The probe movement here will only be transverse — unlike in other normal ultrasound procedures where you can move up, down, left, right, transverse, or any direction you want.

* * * * * * *

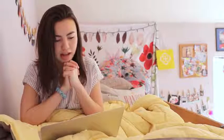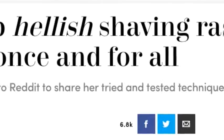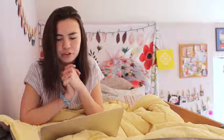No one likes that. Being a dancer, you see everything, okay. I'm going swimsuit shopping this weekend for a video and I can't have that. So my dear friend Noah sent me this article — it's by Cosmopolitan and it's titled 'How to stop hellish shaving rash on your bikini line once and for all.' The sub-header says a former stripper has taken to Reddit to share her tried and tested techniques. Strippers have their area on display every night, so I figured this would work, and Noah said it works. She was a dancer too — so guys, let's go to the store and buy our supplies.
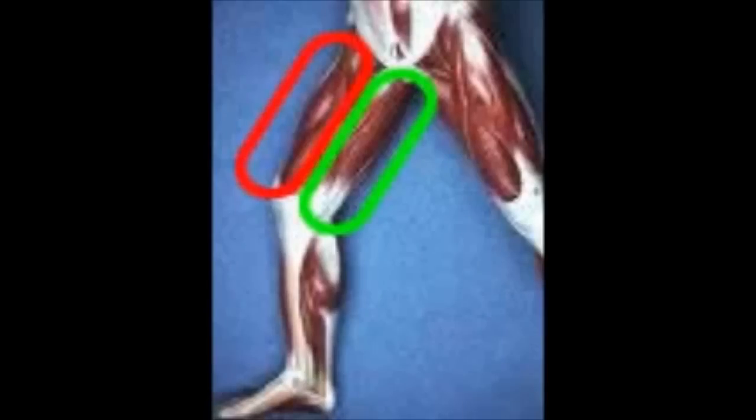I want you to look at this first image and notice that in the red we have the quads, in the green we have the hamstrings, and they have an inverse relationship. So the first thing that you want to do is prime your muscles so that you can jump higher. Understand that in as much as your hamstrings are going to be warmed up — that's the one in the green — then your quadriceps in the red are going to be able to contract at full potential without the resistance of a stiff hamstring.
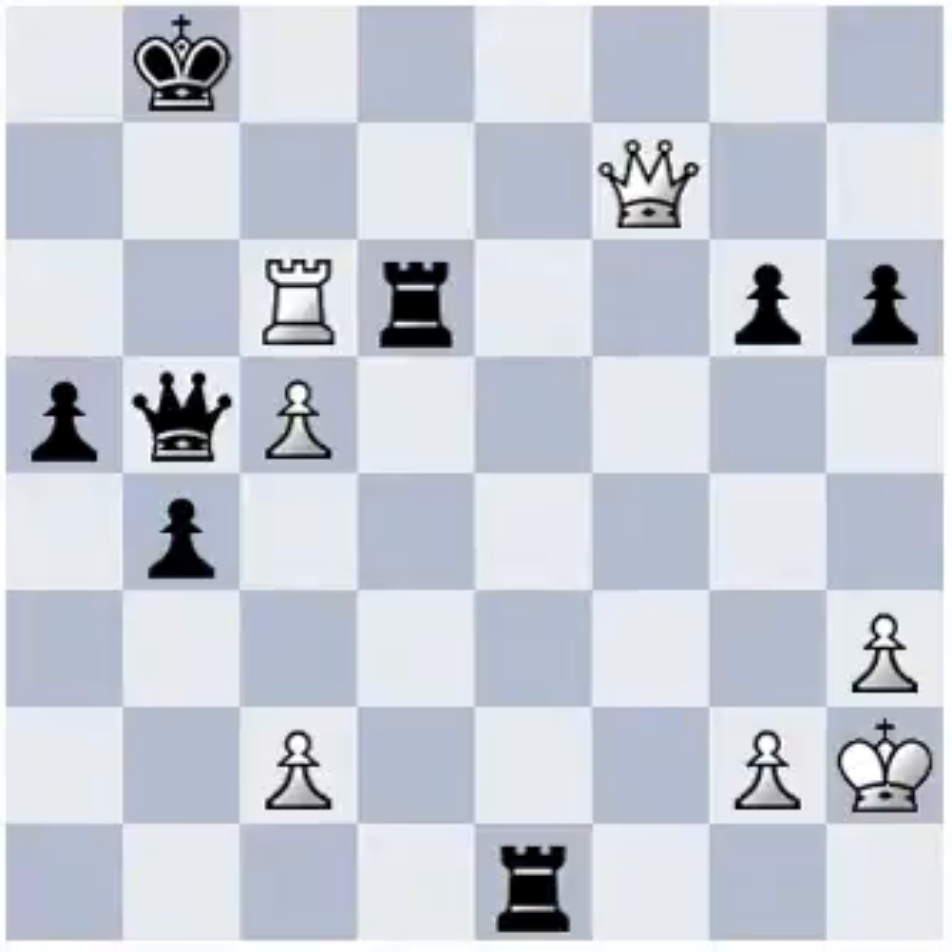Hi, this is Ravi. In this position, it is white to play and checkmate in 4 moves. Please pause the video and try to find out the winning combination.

* * * * * * *

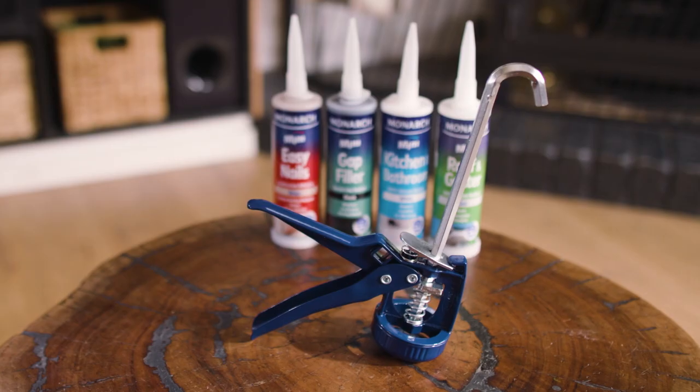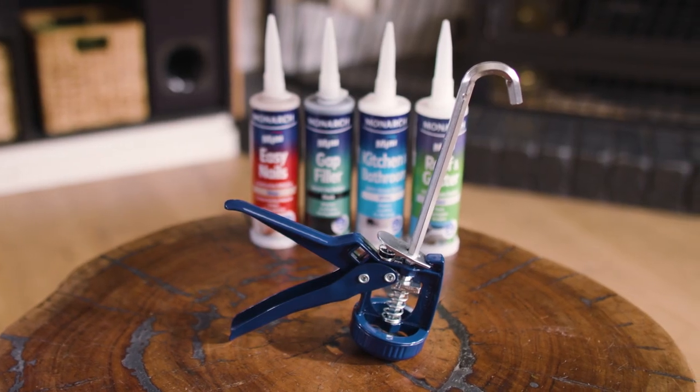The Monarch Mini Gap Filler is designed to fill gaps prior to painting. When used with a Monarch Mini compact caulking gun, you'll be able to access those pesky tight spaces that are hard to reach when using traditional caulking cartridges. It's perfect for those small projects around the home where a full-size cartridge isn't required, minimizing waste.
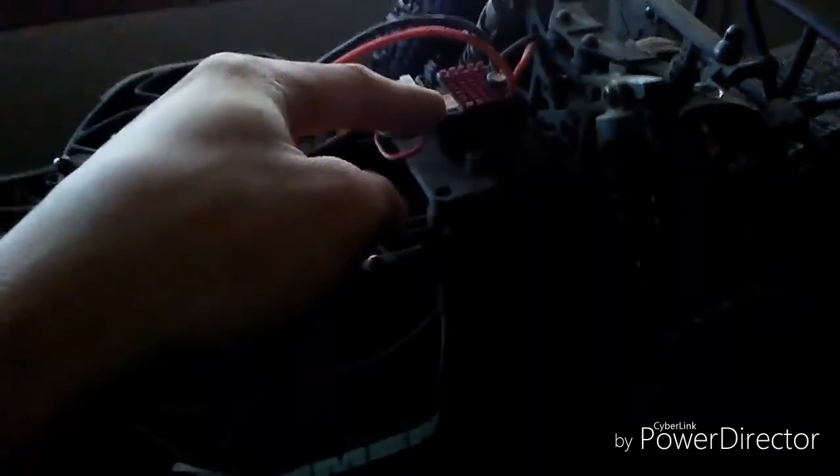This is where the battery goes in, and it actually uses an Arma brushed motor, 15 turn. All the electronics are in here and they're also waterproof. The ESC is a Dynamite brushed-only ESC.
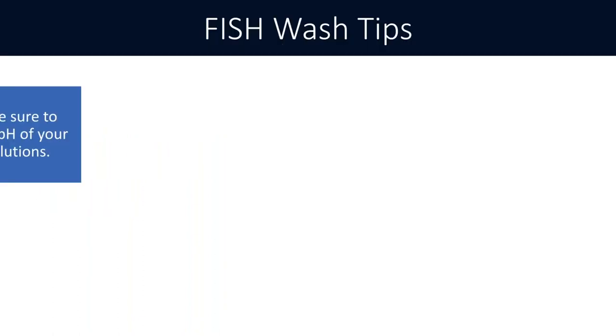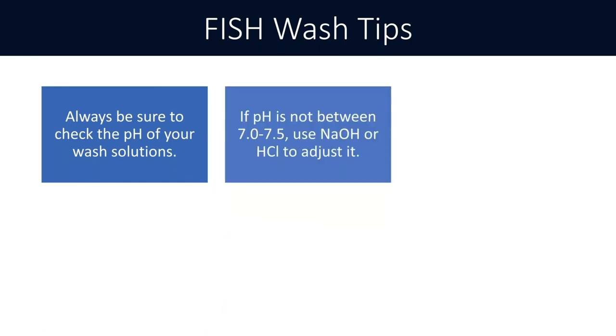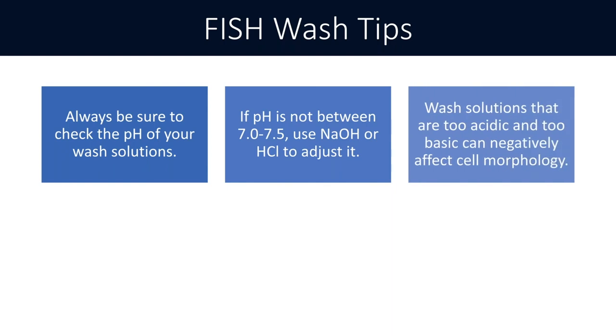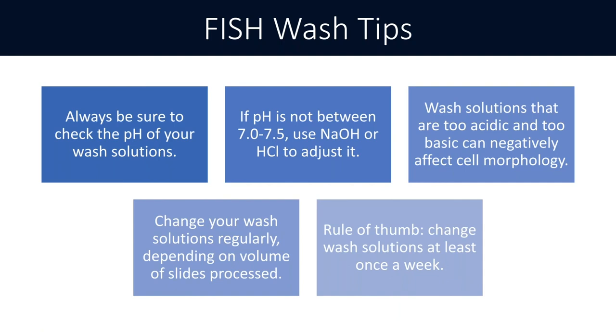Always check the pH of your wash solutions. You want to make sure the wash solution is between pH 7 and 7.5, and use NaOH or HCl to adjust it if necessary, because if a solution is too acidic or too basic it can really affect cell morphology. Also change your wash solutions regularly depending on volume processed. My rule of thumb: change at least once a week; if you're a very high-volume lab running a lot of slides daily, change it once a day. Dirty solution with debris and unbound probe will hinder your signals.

* * * * * * *

◆ **Task to complete**
From the records above, extract the lines from the one holding "This is where" through the one holding "Always check the", word for word; omit the pictures.

◆ **Answer to the problem**
This is where the battery goes in, and it actually uses an Arma brushed motor, 15 turn. All the electronics are in here and they're also waterproof. The ESC is a Dynamite brushed-only ESC.
Always check the pH of your wash solutions. You want to make sure the wash solution is between pH 7 and 7.5, and use NaOH or HCl to adjust it if necessary, because if a solution is too acidic or too basic it can really affect cell morphology. Also change your wash solutions regularly depending on volume processed. My rule of thumb: change at least once a week; if you're a very high-volume lab running a lot of slides daily, change it once a day. Dirty solution with debris and unbound probe will hinder your signals.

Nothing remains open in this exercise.